La Repubblica, 11 marzo 2023

Intervista a Franco Puglisi. “L’ho incontrato dopo una lettera in cui chiedeva perdono. Ho subito capito che era un uomo cambiato”. “Quando mi sono trovato davanti a Gaspare Spatuzza, ho subito capito che era un uomo profondamente cambiato”. Franco Puglisi, il fratello di don Pino, il parroco di San Gaetano ucciso dalla mafia nel 1993, ricorda ancora con emozione quel giorno di qualche anno fa. Adesso, Spatuzza è tornato in libertà - anche se è una libertà condizionale - dopo 26 anni trascorsi fra carcere e domiciliari: così ha deciso il tribunale di sorveglianza di Roma.

Come nacque quell’incontro con il collaboratore di giustizia che ha confessato di aver partecipato alle stragi del 1992-1993 e poi anche al delitto di suo fratello?

“Spatuzza ci aveva scritto una lettera dai toni accorati. Raccontava la sua storia, ripercorreva i momenti dell’omicidio. E poi, soprattutto, rievocava cosa accadde in carcere. Dopo la condanna all’ergastolo per il delitto di mio fratello, chiese di andare in isolamento: “Una scelta che mi consentirà di intraprendere un cammino di ricerca dell’uomo”, scriveva. “Un cammino molto difficoltoso - proseguiva - l’ho sempre rappresentato come un esodo verso la terra promessa”“.

Come vi arrivò quella lettera?

“A consegnarla fu don Vincenzo Russo, cappellano del carcere di Sollicciano, a Firenze, venne lui a Palermo”.

Decise subito di incontrare Spatuzza?

“All’inizio, ero perplesso, titubante, ma ero curioso di conoscere questa persona che scriveva di aver fatto un percorso di pentimento rispetto al passato da mafioso. Accettai di vederlo dopo alcuni mesi di riflessione. Non era facile per me, conoscendo tutte le malefatte di cui era accusato”.

L’incontro si tenne in Toscana, al di fuori delle strutture penitenziarie. Cosa conserva di quei momenti?

“Restammo insieme un’intera giornata, insieme ad altre persone. Era diverso da come appariva nelle immagini delle televisioni e dei giornali. Era commosso, mi sembrava davvero addolorato per quello che aveva fatto. Capivo che le sue parole erano espressione di una macerazione interna aiutata dal cappello del carcere dov’era rinchiuso. Più volte richiamava i brani della Bibbia. Diceva che la lettura del Vangelo lo aveva trasformato. Non ho avuto l’impressione si trattasse di un’impostura”.

Cosa le disse?

“Ci sono parole di quel giorno che terrò solo per me. Posso però dire che erano le parole di un uomo che aveva fatto una profonda riflessione: per dieci anni era stato in isolamento, al carcere duro.

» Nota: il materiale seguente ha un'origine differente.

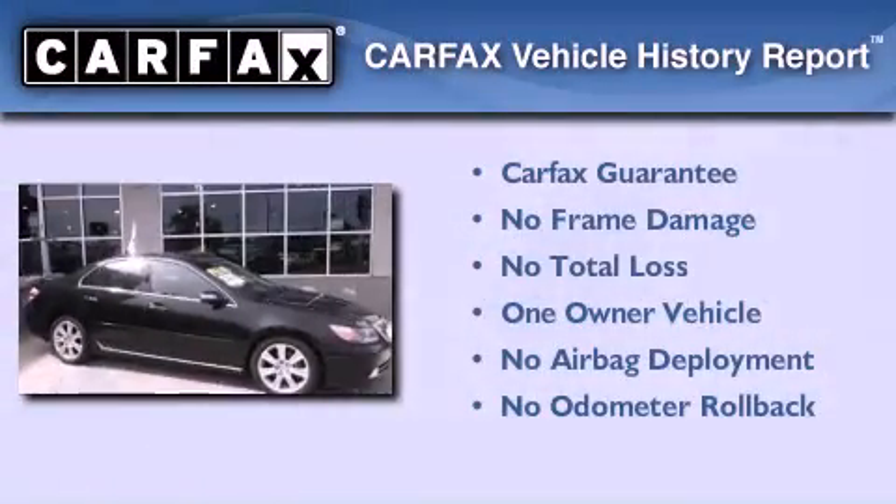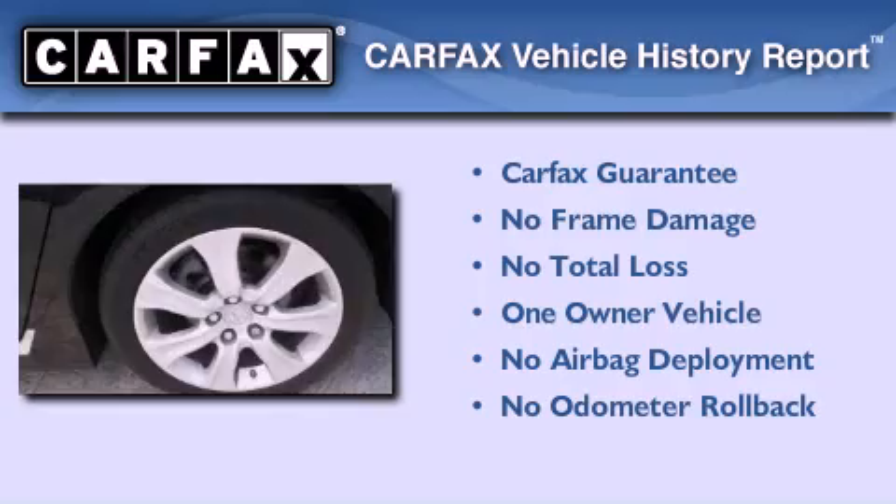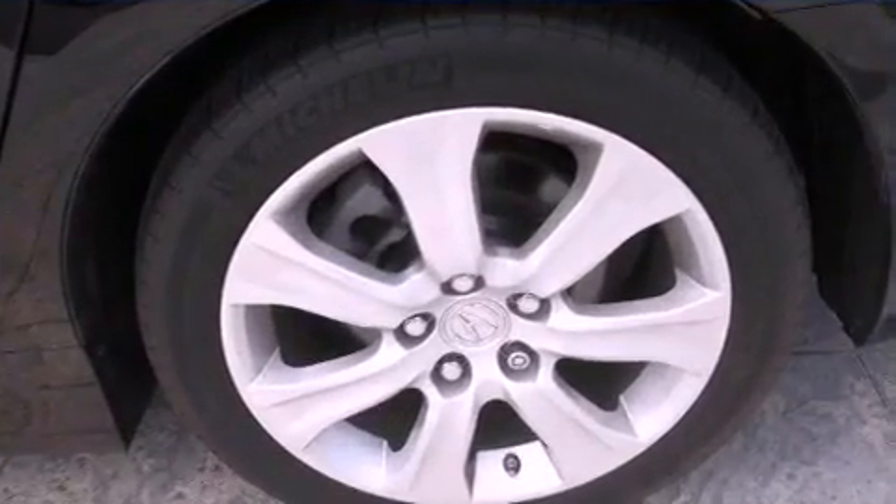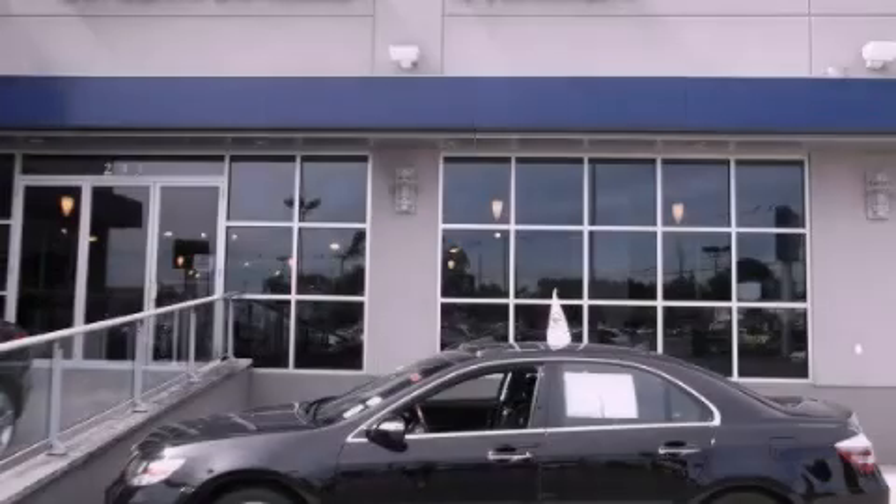This Acura has had only one owner and it qualifies for the Carfax buyback guarantee. Call now to find out how you can own this breathtaking automobile.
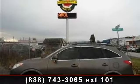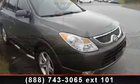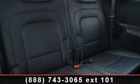Presenting the 2009 Hyundai Veracruz. If you are looking for an automobile with great features, look no further. This vehicle comes with a reliable six-cylinder engine connected to a smooth shifting automatic transmission.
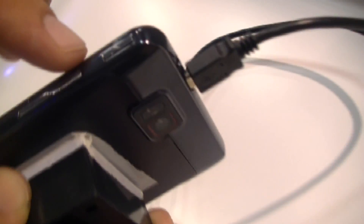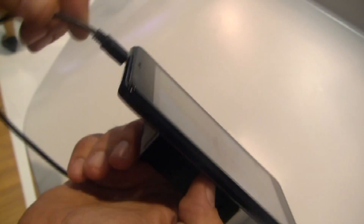On top we have the headphone jack and the micro USB port. There's the power button right there and the volume rocker. On the bottom there's nothing, and on the side there's just the mic — that's basically it.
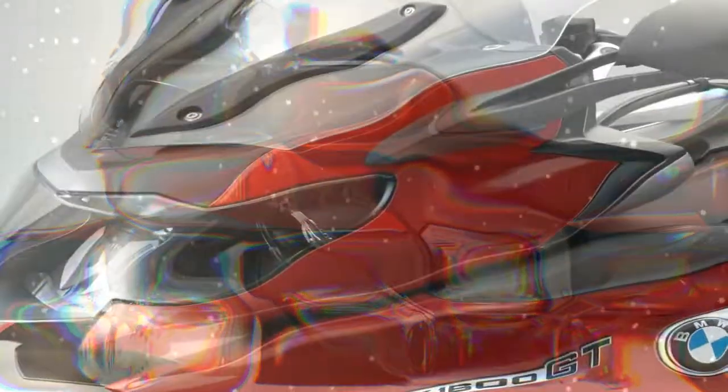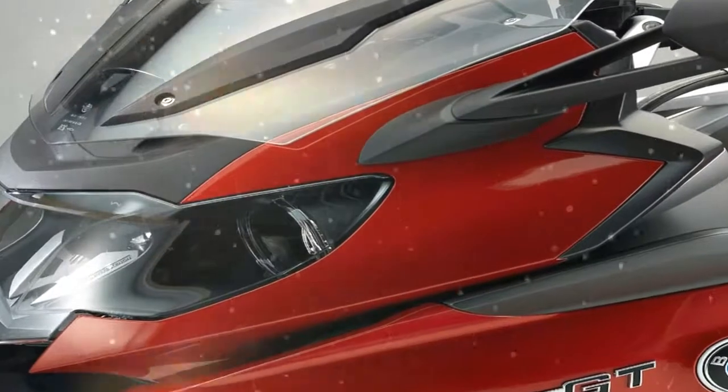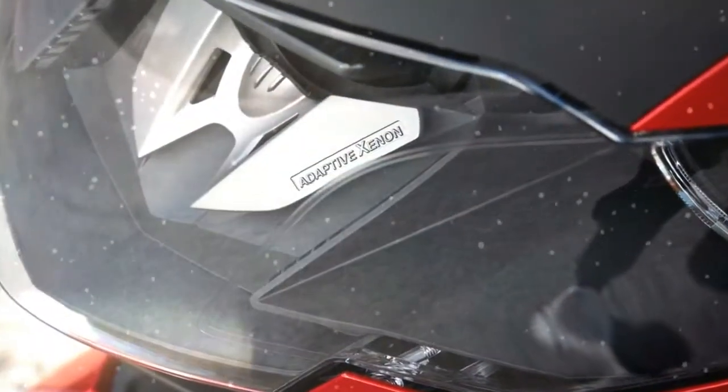Welcome to Motorbikes News. Here you can see the BMW K1600GT review here at Vienna.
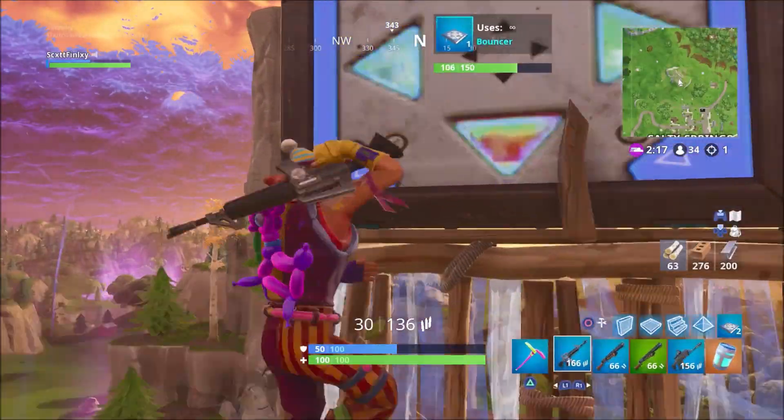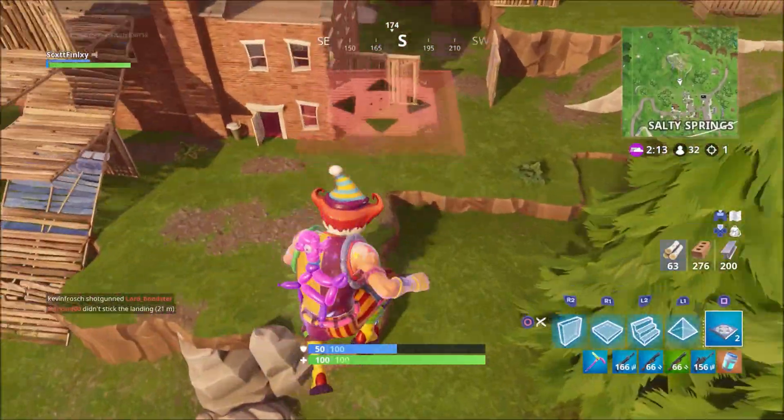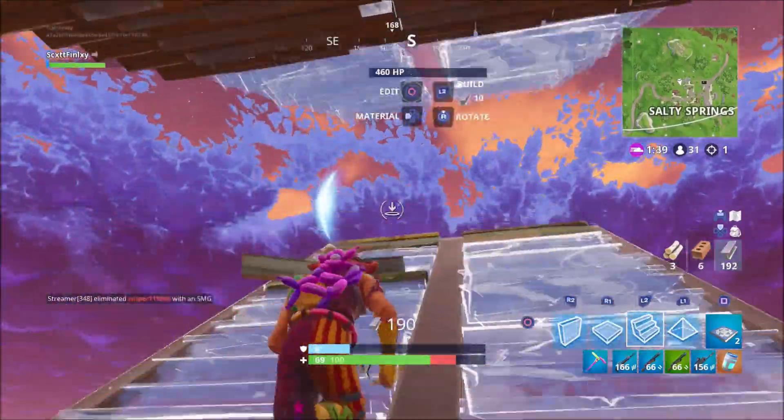I love the colours of this skin — it's bright and adds to the creepiness of the outfit. I like that there's an upgraded mask, however I think it would have been a lot better if they released the mask as an unlockable with a set of challenges, similar to the Tomato Head skin.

Credo che solo lui sia davvero pentito dei crimini che ha commesso, perché la sua scelta non è avvenuta per convenienza, pochi istanti dopo l’arresto, come accaduto in tanti altri casi. È stata una scelta molto ponderata”.

Cosa le ha risposto quando le ha chiesto di essere perdonato?

“Gli ho detto: “Se sei veramente pentito il Signore ti ha perdonato, chi sono io per non fare altrettanto? Dopo mi sono sentito sollevato da un peso interiore e più sereno, in pace con me stesso”.

La storia di Spatuzza, che 11 anni dopo l’arresto ha svelato il grande depistaggio attorno alla strage di via D’Amelio, dice che anche nei mafiosi irriducibili può aprirsi una breccia...

“È così, anche se credo si debba avere una certa predisposizione dentro, alla riflessione, all’analisi interiore”.

Pensa che una breccia potrebbe aprirsi anche in Messina Denaro?

“Chissà, in linea teorica, è possibile che anche lui si penta. Ma ho più di un dubbio”.

Cos’è rimasta dell’eredità di don Pino Puglisi?

“La periferia di Brancaccio ha bisogno ancora di tante cose, come diceva mio fratello all’inizio degli anni Novanta, sollecitando a una presenza più attenta delle istituzioni. Di sicuro, un lavoro importante continuano a svolgerlo i volontari del Centro Padre nostro, che fanno fatti e non parole”.

Che effetto le fa sapere che oggi Spatuzza è libero?

“Nessuna emozione: né caldo, né freddo, sono indifferente a questa notizia. Se non avessi passato con lui una giornata intera forse non sarebbe stato lo stesso, e non so se lo incontrerei nuovamente. Ma gli auguro di rifarsi una vita, se ciò è possibile. Adesso nei suoi confronti non ho alcun rancore”.